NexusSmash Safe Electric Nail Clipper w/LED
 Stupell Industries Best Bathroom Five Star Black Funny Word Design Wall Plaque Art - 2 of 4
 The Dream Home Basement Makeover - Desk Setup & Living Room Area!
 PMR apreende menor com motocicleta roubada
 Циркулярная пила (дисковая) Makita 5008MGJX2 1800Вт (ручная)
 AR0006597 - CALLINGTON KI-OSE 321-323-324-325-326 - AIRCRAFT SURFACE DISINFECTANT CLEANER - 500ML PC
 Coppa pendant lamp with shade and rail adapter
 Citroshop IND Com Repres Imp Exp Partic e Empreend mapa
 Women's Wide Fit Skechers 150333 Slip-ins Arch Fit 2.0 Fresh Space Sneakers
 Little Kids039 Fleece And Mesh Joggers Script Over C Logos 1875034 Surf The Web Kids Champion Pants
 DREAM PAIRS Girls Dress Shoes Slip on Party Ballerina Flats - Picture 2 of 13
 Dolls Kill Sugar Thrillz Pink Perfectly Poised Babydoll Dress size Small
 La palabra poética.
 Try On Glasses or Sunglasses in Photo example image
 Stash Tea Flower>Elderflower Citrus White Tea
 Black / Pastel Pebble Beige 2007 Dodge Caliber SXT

########################################

— Exercise goal —
Set down each line from the line containing "Coppa pendant lamp" through the final line of the data, exactly and with nothing added.

— Response area —
 Coppa pendant lamp with shade and rail adapter
 Citroshop IND Com Repres Imp Exp Partic e Empreend mapa
 Women's Wide Fit Skechers 150333 Slip-ins Arch Fit 2.0 Fresh Space Sneakers
 Little Kids039 Fleece And Mesh Joggers Script Over C Logos 1875034 Surf The Web Kids Champion Pants
 DREAM PAIRS Girls Dress Shoes Slip on Party Ballerina Flats - Picture 2 of 13
 Dolls Kill Sugar Thrillz Pink Perfectly Poised Babydoll Dress size Small
 La palabra poética.
 Try On Glasses or Sunglasses in Photo example image
 Stash Tea Flower>Elderflower Citrus White Tea
 Black / Pastel Pebble Beige 2007 Dodge Caliber SXT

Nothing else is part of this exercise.